#### Task goal:
Copy, with no pictures, the line that contains "Long-Fang the Grey Blade" and each line after it down to the end of the entries below, exactly.

***** Entries provided

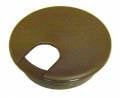 TEMPO KAHVERENGİ KABLO KANALI 63 mm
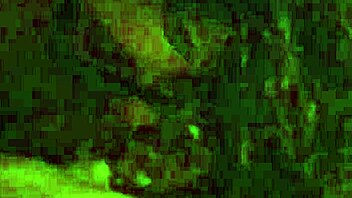 Brunette beauty delivers intense blowjob completion. She takes deepthroat action on monster cock in close up view.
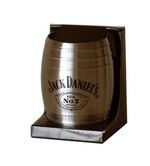 JACK DANIEL'S Officially Licensed Barrel Shot Glass
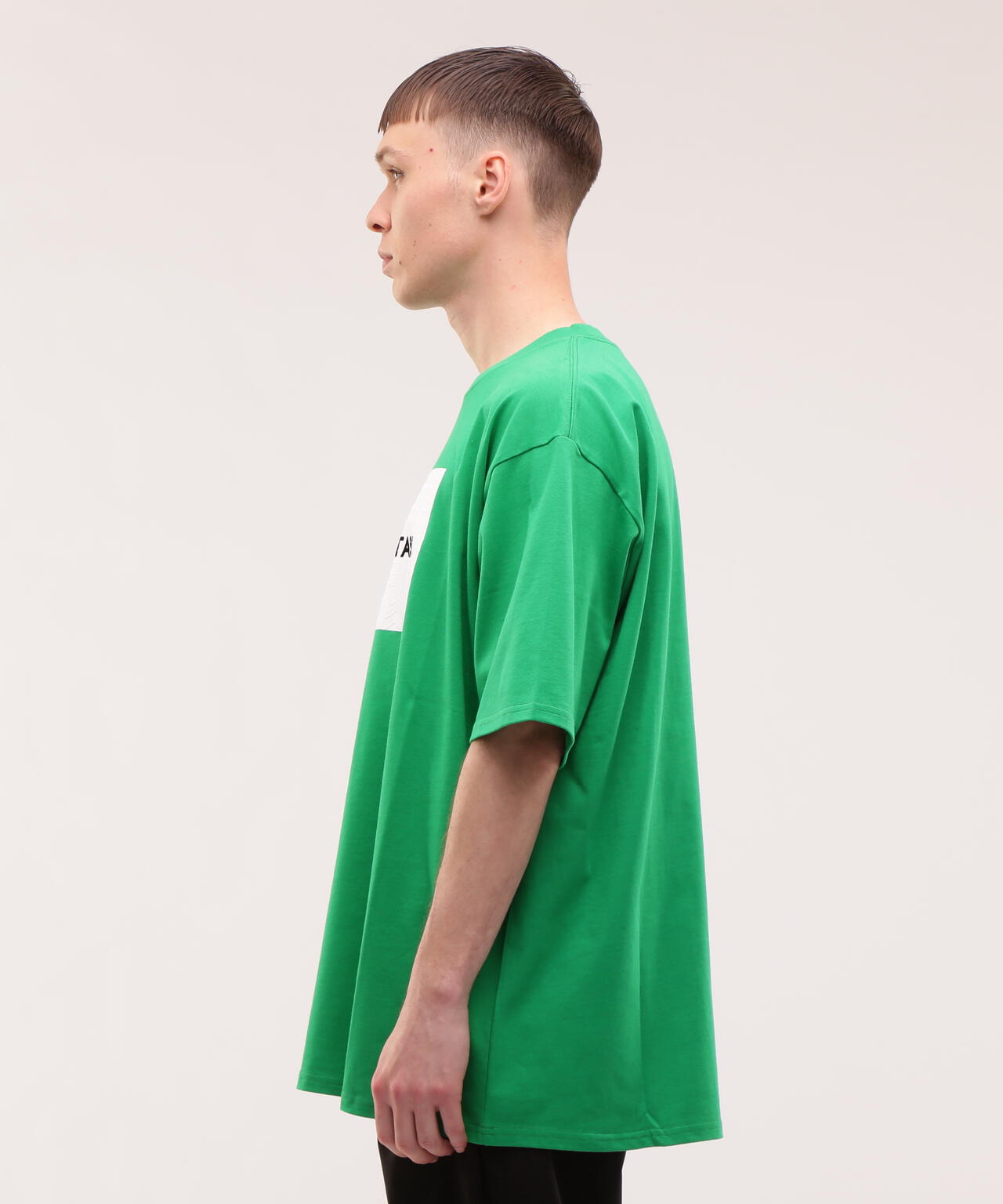 MANASTASH/マナスタッシュ/CiTee MTN PATTEN Tシャツ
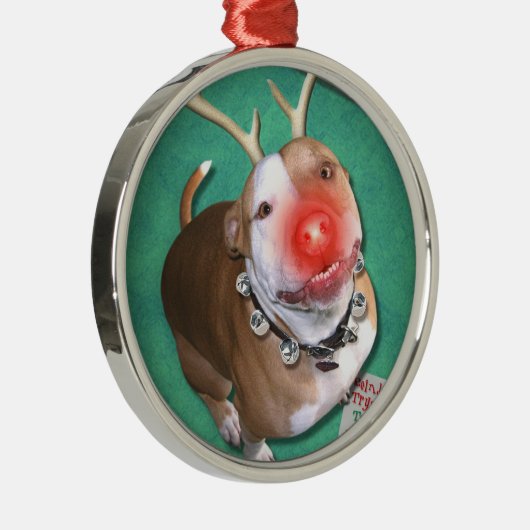 Boodolph Ornament Aus Metall (Rechts)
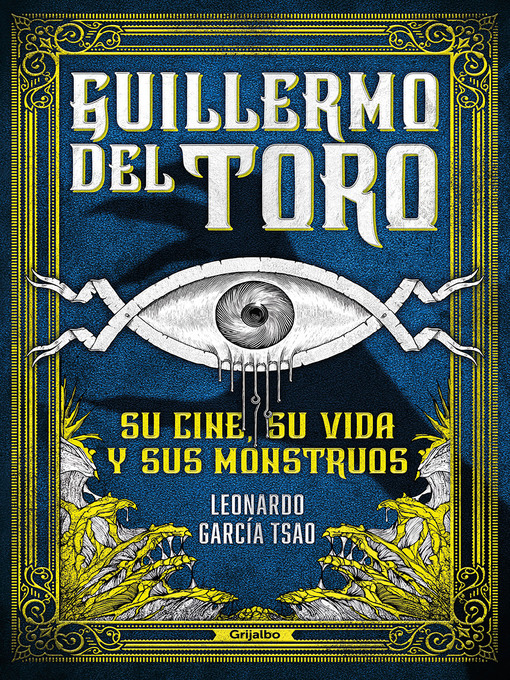 Title details for Guillermo del Toro by Leonardo García Tsao - Available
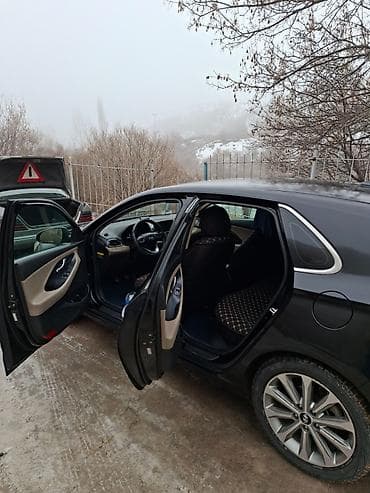 хундай истарекис: Hyundai i30: 2017 г., 2 л, Механика, Бензин, Хетчбек — 9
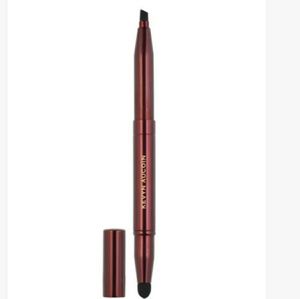 kevyn aucoin smudger eye liner brush, retractable!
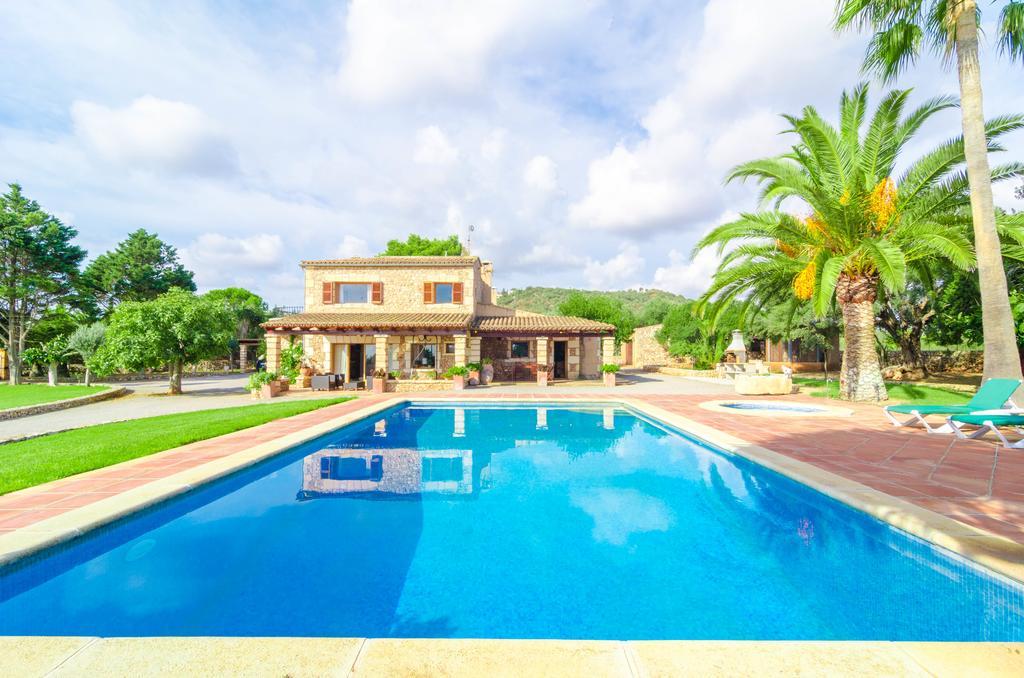 Villa Bosco Dotze Son Carrio (Llevant)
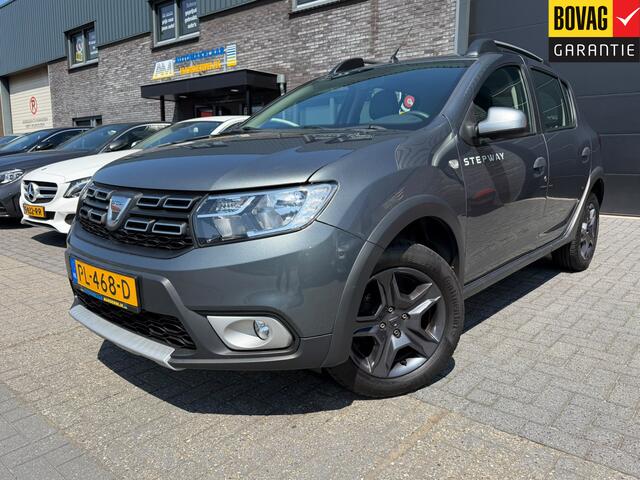 Dacia SANDERO 0.9 TCe SL Stepway | 1E EIGENAAR | AUTOMAAT | 3/6 OF 12 MND GARANTIE | NAVI | CAMERA |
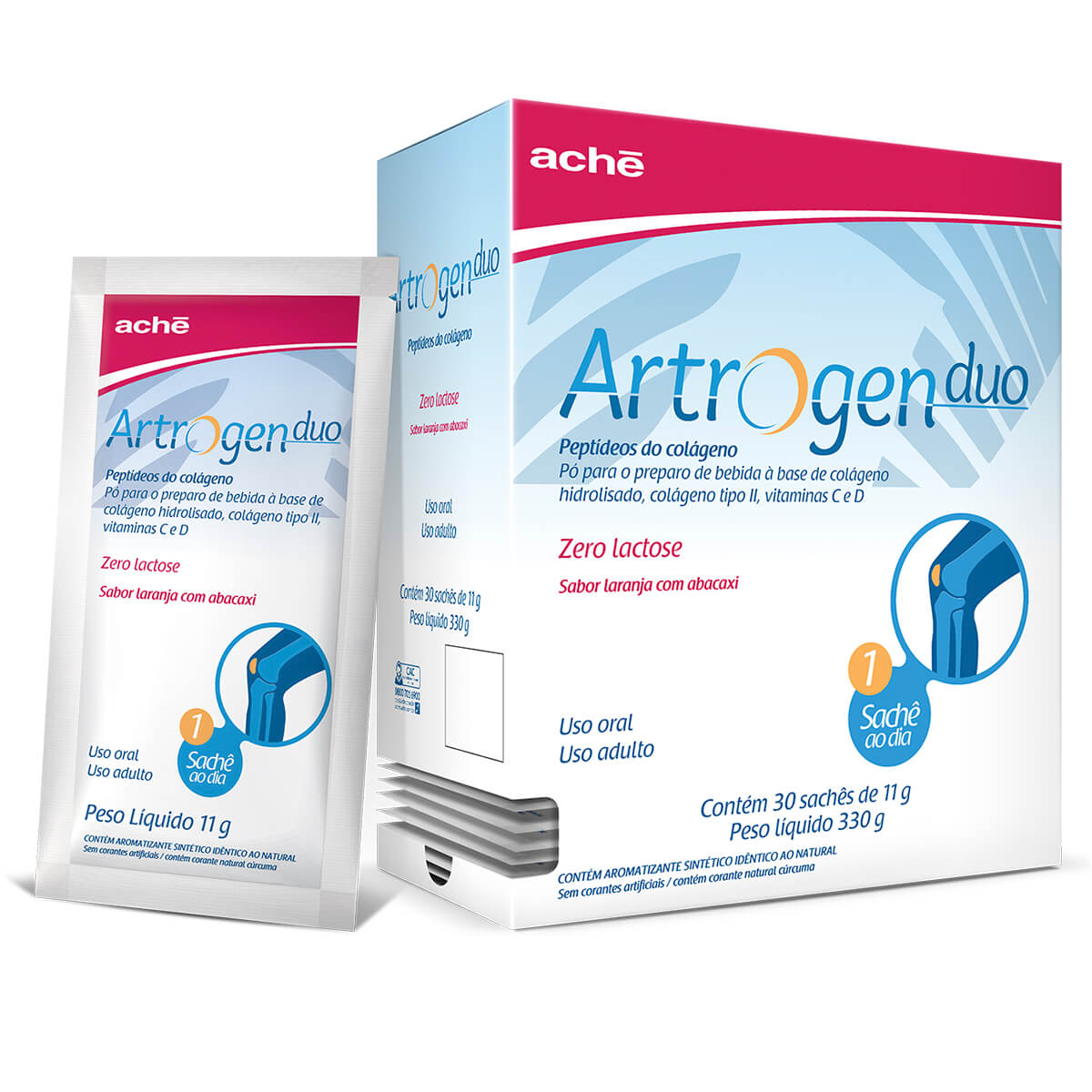 Artrogen Duo com 30 sachês é ruim? Artrogen Duo com 30 sachês é boa?
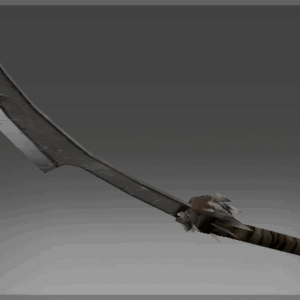 Long-Fang the Grey Blade
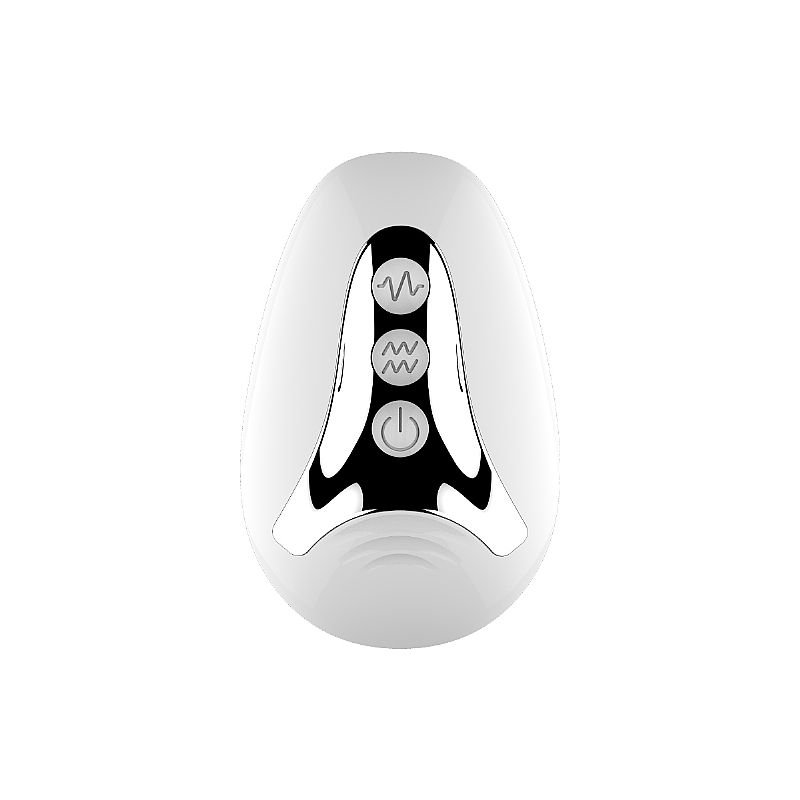 Vibrador de Ponto G e clitóris com Controle Remoto - Anna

**********

#### Exercise answer:
 Long-Fang the Grey Blade
 Vibrador de Ponto G e clitóris com Controle Remoto - Anna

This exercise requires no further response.